Our team joined Qualtrics last October to create the XM Institute, and one of the great things that we’ve found is that there are many people across Qualtrics who are experts in different aspects of Experience Management (XM). So I decided to interview one of them, Ben Granger.
Ben is a Sr. Principal for Global EX Strategy. He spends his days thinking about and helping organizations design leading-edge EX programs. Like many of the subject matter experts across Qualtrics, Ben had a strong background prior to joining the company. He has a Ph.D. in Industrial-Organizational Psychology and has worked in EX at Verizon.
Here’s our Q&A:
Q1: We describe experience management as a discipline where organizations “continuously learn, propagate insights, and rapidly adapt.” Based on your work with companies, what do you think that looks like for a company that is really doing well with EX?

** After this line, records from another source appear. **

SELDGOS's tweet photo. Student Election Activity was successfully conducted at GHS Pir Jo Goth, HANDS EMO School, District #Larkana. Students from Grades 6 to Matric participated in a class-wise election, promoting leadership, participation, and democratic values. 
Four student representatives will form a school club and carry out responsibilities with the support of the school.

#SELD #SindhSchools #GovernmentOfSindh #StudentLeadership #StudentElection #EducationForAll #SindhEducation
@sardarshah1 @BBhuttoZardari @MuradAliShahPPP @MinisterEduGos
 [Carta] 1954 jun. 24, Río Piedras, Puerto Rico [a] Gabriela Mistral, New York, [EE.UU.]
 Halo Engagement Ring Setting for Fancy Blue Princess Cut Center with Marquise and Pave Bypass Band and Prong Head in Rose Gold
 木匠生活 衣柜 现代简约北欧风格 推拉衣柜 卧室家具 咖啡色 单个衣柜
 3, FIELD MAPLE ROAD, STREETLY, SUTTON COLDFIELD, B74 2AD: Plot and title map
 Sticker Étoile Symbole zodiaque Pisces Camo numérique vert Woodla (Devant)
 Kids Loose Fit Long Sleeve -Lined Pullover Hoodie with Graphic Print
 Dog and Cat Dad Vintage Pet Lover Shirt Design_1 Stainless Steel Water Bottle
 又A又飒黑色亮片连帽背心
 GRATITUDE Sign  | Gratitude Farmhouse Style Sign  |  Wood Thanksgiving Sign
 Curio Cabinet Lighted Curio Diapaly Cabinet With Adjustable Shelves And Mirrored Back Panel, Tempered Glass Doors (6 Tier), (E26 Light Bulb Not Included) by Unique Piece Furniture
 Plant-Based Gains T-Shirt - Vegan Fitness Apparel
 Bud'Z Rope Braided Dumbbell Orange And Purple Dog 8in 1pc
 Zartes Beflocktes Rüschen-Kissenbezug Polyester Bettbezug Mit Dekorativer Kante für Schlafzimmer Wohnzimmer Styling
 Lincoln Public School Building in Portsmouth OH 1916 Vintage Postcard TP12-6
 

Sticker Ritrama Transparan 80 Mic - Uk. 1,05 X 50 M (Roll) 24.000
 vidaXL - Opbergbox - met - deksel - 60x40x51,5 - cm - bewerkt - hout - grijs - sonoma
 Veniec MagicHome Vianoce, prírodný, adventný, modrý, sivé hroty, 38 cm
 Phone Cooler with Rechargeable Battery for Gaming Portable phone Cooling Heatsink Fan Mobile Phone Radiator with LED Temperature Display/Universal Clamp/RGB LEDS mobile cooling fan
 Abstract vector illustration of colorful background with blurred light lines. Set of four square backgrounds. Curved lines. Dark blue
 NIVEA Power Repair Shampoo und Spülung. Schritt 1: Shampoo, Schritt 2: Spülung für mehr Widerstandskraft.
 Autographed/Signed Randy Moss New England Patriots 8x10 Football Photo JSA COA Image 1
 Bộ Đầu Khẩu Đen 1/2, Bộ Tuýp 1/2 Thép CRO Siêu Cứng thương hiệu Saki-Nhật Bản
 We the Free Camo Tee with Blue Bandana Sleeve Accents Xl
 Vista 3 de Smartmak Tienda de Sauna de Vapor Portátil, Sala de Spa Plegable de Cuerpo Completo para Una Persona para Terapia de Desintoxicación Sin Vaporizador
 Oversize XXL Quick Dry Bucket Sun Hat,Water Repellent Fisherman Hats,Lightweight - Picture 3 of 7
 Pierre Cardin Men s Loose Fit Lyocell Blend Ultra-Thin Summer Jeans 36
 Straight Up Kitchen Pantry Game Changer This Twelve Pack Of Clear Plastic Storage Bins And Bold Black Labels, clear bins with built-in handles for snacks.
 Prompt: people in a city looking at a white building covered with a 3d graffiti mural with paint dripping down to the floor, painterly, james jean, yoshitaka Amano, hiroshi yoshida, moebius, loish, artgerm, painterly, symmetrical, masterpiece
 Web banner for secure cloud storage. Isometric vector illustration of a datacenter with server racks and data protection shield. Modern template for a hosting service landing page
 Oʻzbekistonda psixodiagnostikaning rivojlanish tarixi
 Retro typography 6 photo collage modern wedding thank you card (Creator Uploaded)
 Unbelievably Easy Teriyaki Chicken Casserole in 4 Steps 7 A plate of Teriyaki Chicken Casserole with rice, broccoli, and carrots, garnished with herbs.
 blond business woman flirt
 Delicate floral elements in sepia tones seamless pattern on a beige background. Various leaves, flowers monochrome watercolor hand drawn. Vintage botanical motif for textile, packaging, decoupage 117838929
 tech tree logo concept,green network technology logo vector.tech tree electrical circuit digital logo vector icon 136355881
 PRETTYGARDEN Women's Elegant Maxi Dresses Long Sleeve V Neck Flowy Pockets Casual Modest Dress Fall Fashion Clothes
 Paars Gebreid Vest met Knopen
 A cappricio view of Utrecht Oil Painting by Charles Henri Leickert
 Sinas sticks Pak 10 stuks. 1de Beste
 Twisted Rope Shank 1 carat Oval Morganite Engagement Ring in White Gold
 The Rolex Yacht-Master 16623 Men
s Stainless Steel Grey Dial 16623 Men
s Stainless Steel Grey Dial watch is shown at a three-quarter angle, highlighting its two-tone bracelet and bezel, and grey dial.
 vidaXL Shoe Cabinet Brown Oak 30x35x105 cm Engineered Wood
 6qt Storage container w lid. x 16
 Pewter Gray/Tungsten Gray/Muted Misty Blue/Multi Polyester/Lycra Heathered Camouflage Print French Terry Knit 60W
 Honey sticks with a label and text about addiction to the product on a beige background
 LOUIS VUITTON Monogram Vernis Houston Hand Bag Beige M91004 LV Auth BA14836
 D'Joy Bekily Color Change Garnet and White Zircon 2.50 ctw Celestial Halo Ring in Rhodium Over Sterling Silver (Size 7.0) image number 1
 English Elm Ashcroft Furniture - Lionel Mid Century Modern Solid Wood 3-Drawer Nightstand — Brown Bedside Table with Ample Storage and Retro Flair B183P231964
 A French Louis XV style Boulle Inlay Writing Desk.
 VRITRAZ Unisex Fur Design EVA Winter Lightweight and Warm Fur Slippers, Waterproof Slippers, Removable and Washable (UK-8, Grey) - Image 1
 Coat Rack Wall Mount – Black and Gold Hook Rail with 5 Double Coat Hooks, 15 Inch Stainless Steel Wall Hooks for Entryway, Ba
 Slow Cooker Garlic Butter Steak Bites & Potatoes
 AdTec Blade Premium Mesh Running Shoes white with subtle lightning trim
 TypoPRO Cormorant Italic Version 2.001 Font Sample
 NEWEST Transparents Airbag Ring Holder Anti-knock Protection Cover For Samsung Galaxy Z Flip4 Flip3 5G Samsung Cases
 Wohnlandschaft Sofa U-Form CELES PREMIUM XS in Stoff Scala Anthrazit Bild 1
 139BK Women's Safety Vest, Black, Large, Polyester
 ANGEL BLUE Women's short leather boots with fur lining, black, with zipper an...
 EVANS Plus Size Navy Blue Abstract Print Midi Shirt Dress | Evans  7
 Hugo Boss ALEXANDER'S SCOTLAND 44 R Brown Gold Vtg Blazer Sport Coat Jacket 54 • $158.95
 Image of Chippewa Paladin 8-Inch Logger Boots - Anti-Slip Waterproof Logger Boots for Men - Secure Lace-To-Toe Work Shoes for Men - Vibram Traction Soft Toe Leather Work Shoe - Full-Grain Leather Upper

Ben: This shows up in the mindset that the organization has around employee experience. Namely, the belief that they will never get it perfect, that EX is a moving target, and that they should always look for ways to improve. It’s ironic, actually, that some of the most mature EX programs I run into are run by organizations that seem to always feel like they are behind. They have this thirst to keep pushing things forward. Companies like Quicken Loans and Rogers Communications come immediately to mind – they are always very humble about the current state of their programs but in actuality, their programs are well ahead of others in their industries. I think this is because those organizations or either intentionally or unintentionally treating EX as a discipline.
Q2: We recently defined Six XM Competencies, Lead, Realize, Activate, Enlighten, Respond, and Disrupt. Can you share some best EX practices you’ve seen in one or two of the competencies?
Ben: Firstly, I should say that I am a big believer that the “best practices” organizations employ should be heavily dependent on their maturity.
Some of the practices that highly mature EX programs use could backfire if an organization has never done formal employee measurement before. So that is always a consideration we make when we advise our clients.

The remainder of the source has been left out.